▶ Given records:
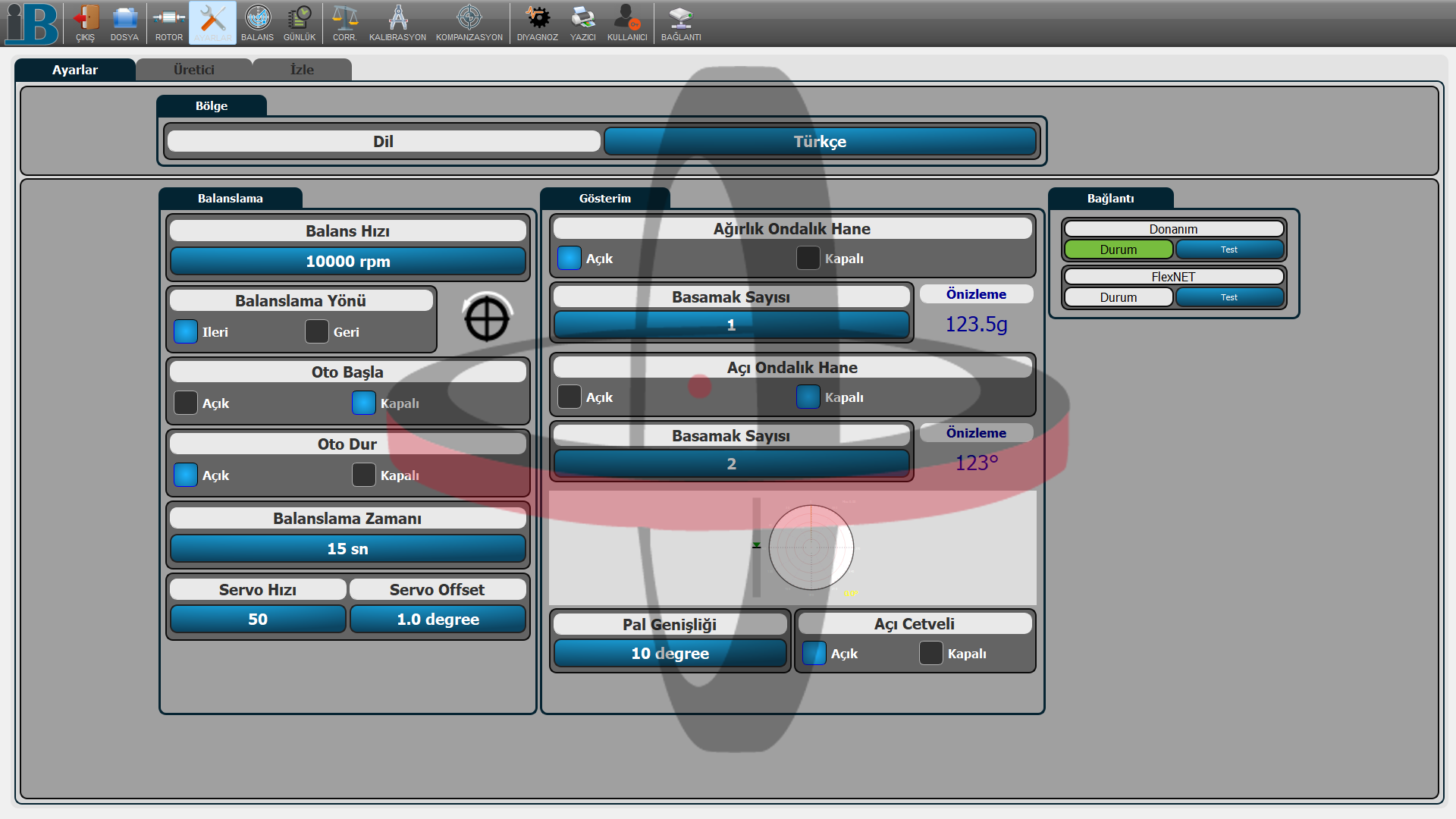 iBalancer — Statik ve Dinamik Dengelemede Yeni Nesil Yaklaşım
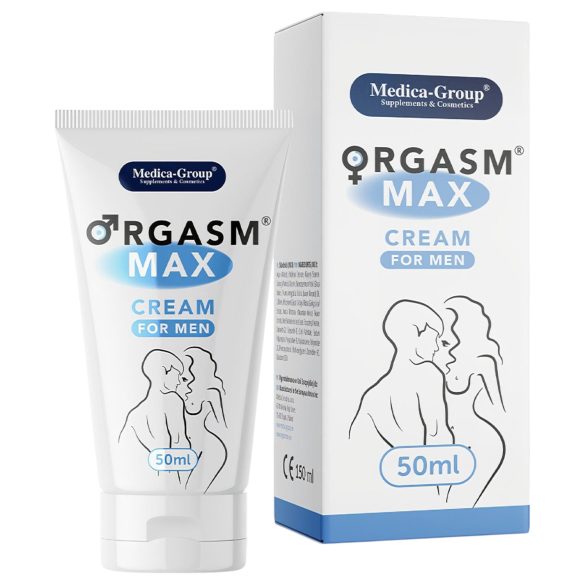 OrgasmMax - kaisles krēms vīriešiem (50ml)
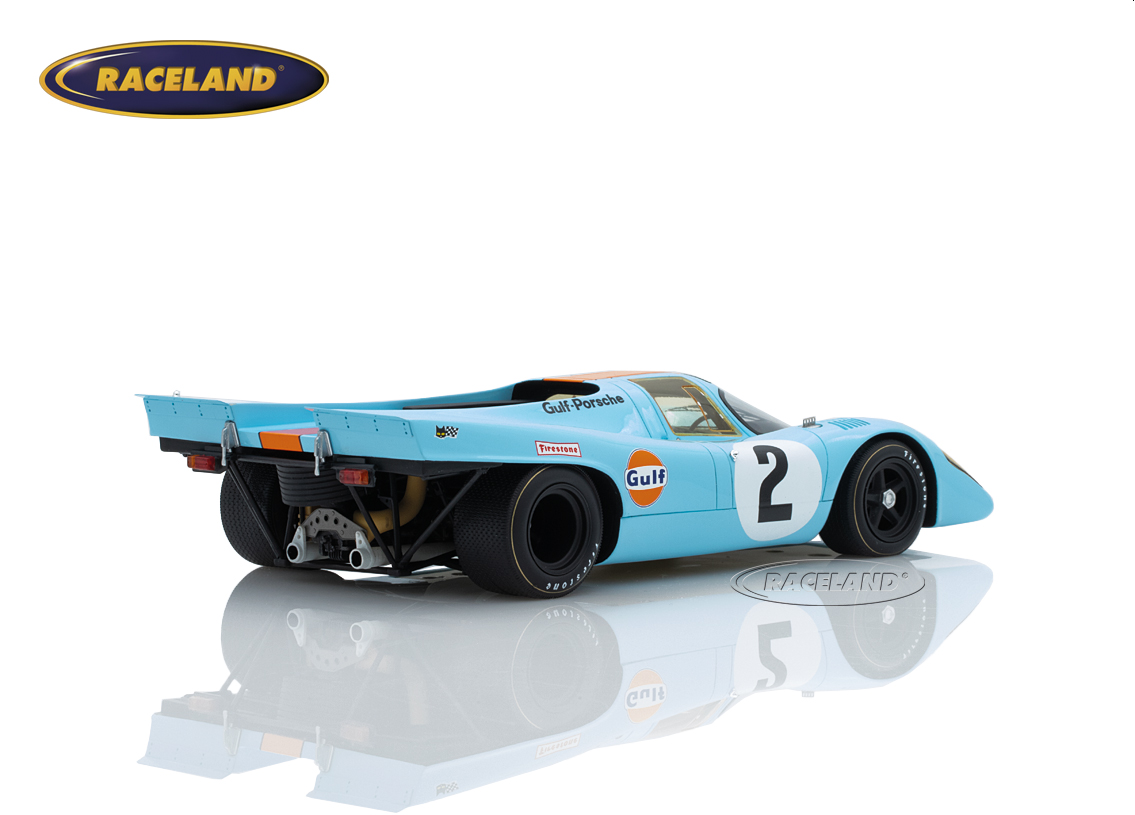 Porsche 917K J.W Engineering GULF Sieger 24H Daytona 1970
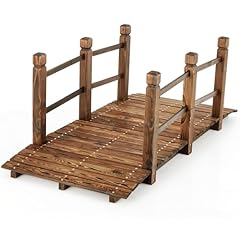 Costway holzbrücke gartenbrü gebraucht kaufen  Wird an jeden Ort in Deutschland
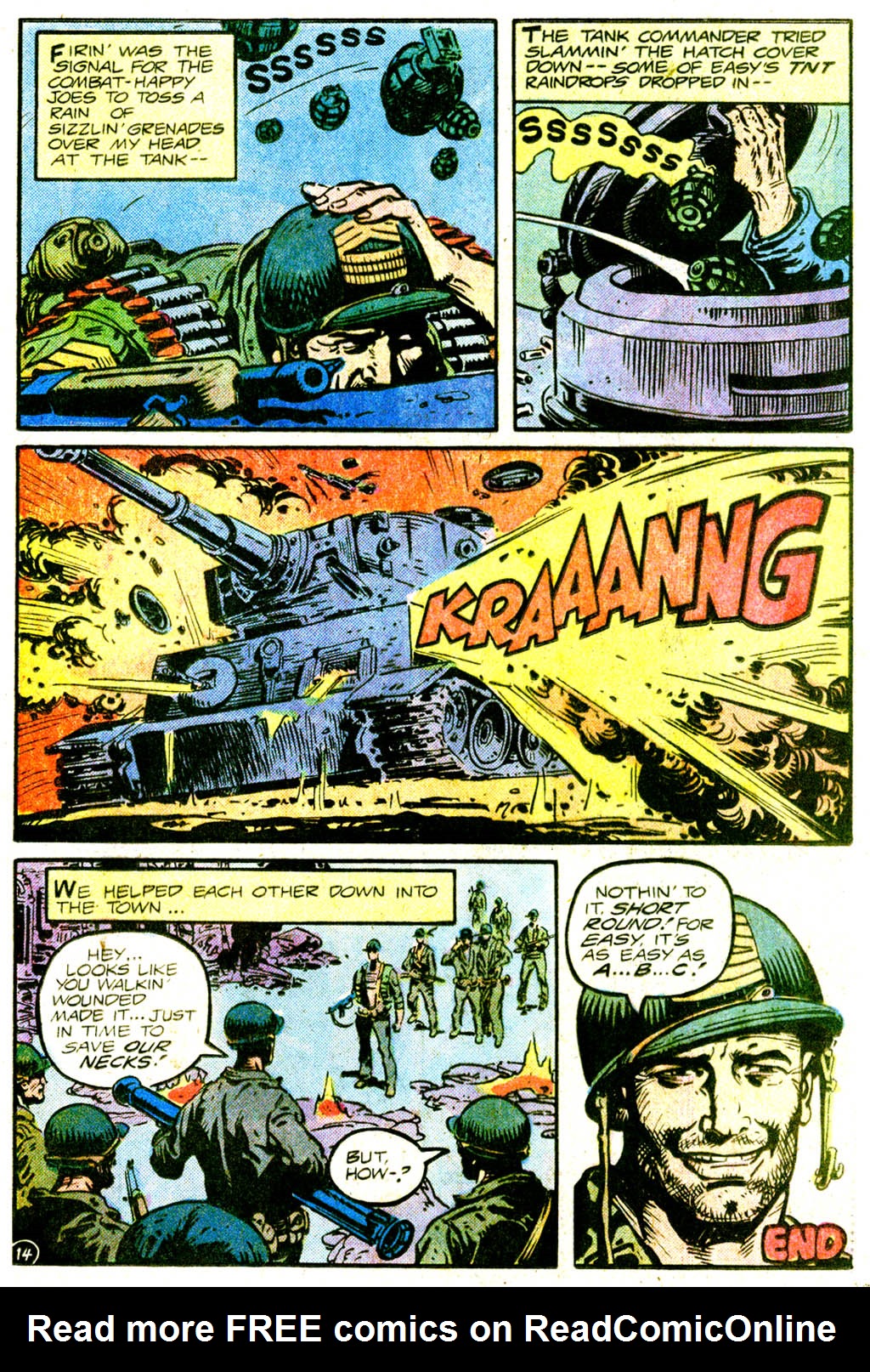 Read online Sgt. Rock comic -  Issue #371 - 19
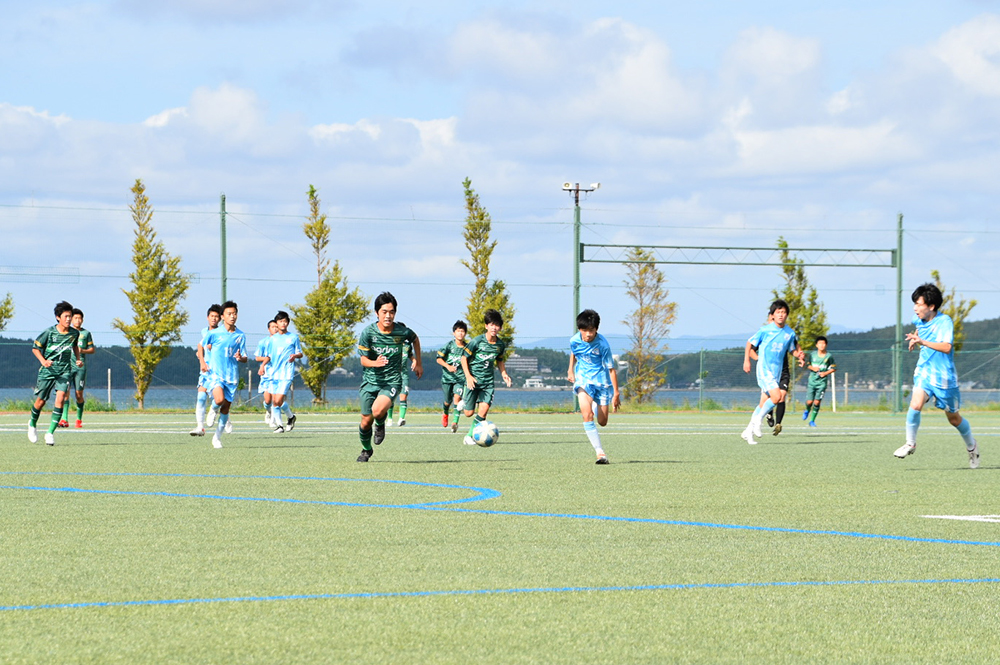 高円宮杯JFA U-15サッカーリーグ2021 石川県2部リーグ 第10節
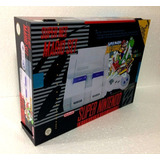 Caixa Vazia Super Nintendo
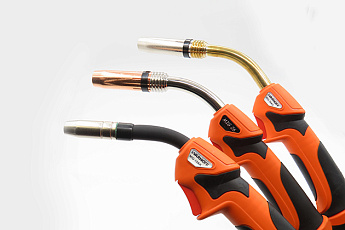 Горелки для полуавтоматов. Какие бывают: разбираемся в нюансах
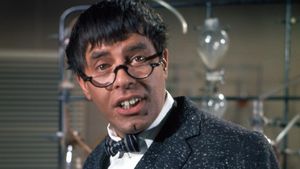 The Nutty Professor's poster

▶ The problem:
Restate each line from the start of the listing through the line bearing "Caixa Vazia Super Nintendo" word for word. Drop the pictures.

▶ Answer space:
 iBalancer — Statik ve Dinamik Dengelemede Yeni Nesil Yaklaşım
 OrgasmMax - kaisles krēms vīriešiem (50ml)
 Porsche 917K J.W Engineering GULF Sieger 24H Daytona 1970
 Costway holzbrücke gartenbrü gebraucht kaufen  Wird an jeden Ort in Deutschland
 Read online Sgt. Rock comic -  Issue #371 - 19
 高円宮杯JFA U-15サッカーリーグ2021 石川県2部リーグ 第10節
 Caixa Vazia Super Nintendo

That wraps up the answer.